▶ [EXERCISE INSTRUCTIONS]:
Take the entries that follow and return exactly the lines from the one holding "Temel İş Sağlığı" through the one holding "YOOtheme Balou module", both included. Nothing else is needed.

▶ [RECORDS FOR THE TASK]:

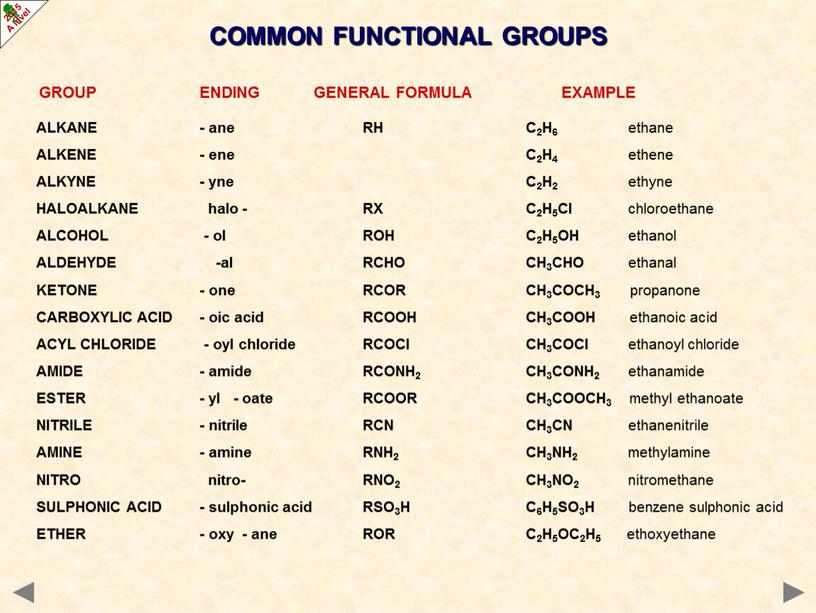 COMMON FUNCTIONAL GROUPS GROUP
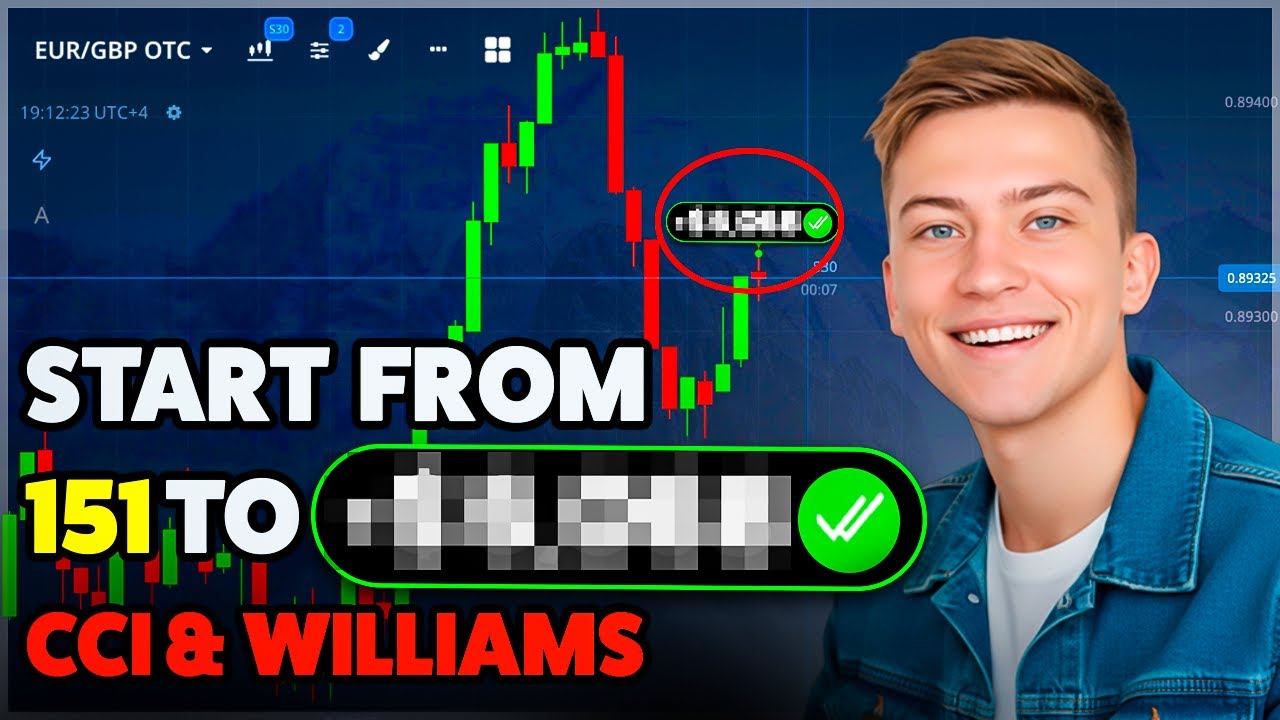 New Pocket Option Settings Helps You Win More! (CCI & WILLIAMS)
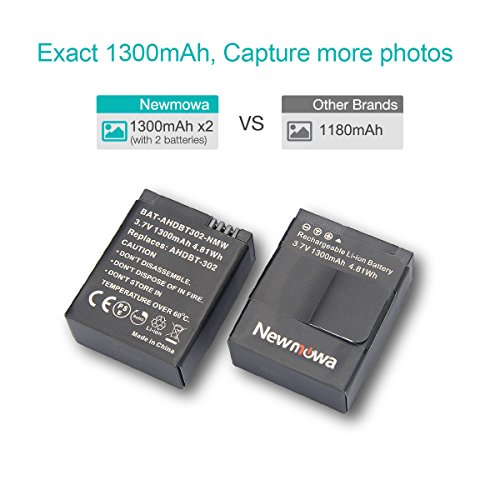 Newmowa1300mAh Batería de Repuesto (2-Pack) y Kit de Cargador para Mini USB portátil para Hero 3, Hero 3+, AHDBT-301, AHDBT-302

* * *

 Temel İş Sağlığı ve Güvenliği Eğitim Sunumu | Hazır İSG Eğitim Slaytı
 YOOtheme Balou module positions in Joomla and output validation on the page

* * *

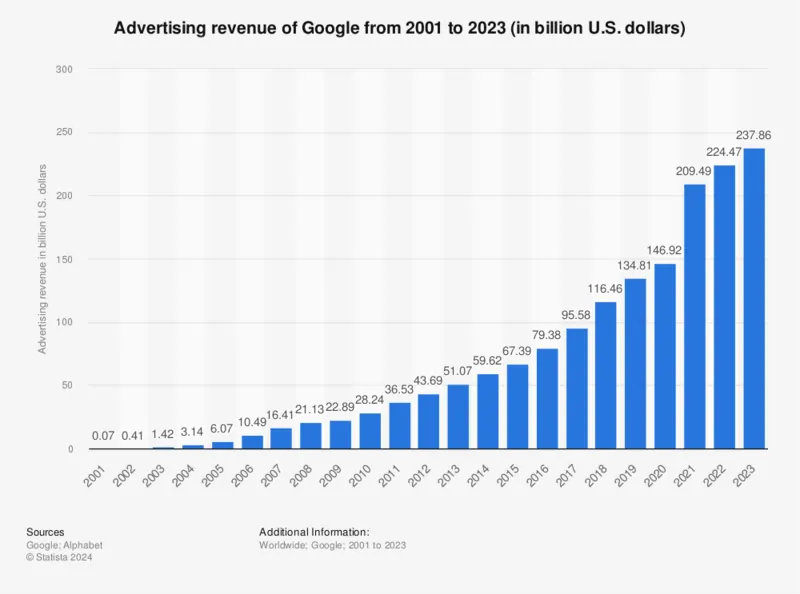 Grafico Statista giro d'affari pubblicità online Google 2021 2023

▶ [REPLY]:
 Temel İş Sağlığı ve Güvenliği Eğitim Sunumu | Hazır İSG Eğitim Slaytı
 YOOtheme Balou module positions in Joomla and output validation on the page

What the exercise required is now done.